### ACTIVITY:
For the data below, transcribe the part that opens with the line containing "Women's Chain Rhombus" and closes with the line containing "ویلایی لاکچری استخردارخاص", exactly and with no pictures.

======== SOURCE INFORMATION

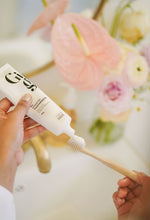 Gigi Chic Brush - Extra Soft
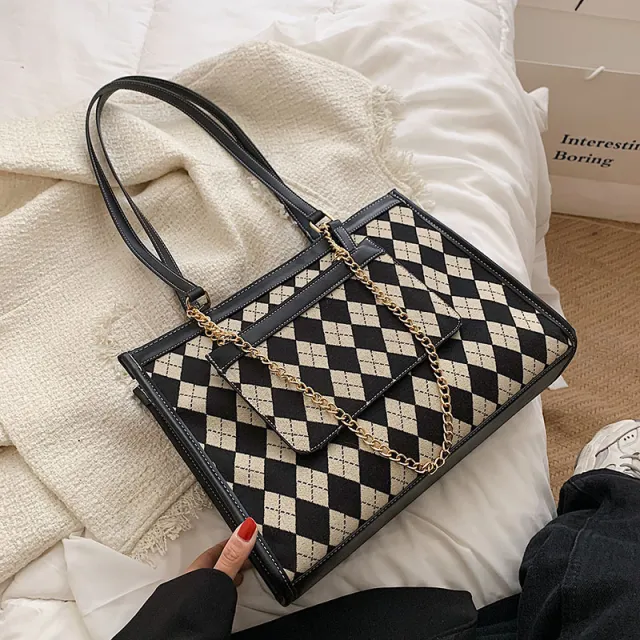 Women's Chain Rhombus School Commuter Shoulder Bag Black - Shop at LoveMi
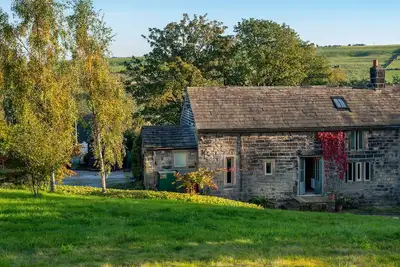 Image de Propriété de caractère avec 5 acres de terrain dans les collines au-dessus du pont Hebden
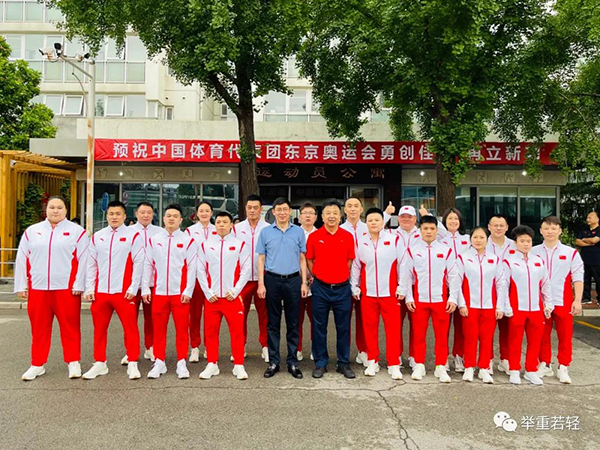 举重冠军世界中国是谁_中国举重世界第一冠军是_举重世界冠中国男子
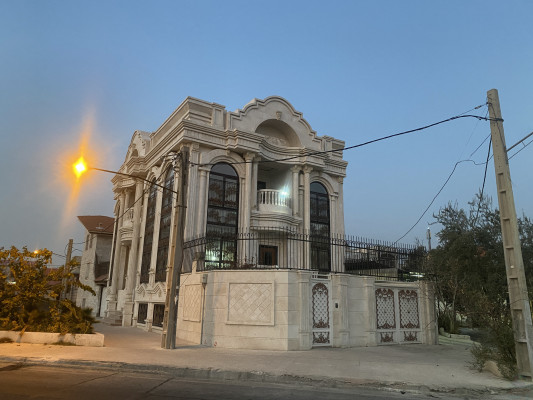 ویلایی لاکچری استخردارخاص در فاز 3 اندیشه به قیمت کاسبی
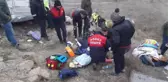 BİLECİK'TE SERAMİK FABRİKASI İŞÇİLERİNİN SERVİSİ DEVRİLDİ 6 YARALI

================

### FINISHED EXERCISE:
 Women's Chain Rhombus School Commuter Shoulder Bag Black - Shop at LoveMi
 Image de Propriété de caractère avec 5 acres de terrain dans les collines au-dessus du pont Hebden
 举重冠军世界中国是谁_中国举重世界第一冠军是_举重世界冠中国男子
 ویلایی لاکچری استخردارخاص در فاز 3 اندیشه به قیمت کاسبی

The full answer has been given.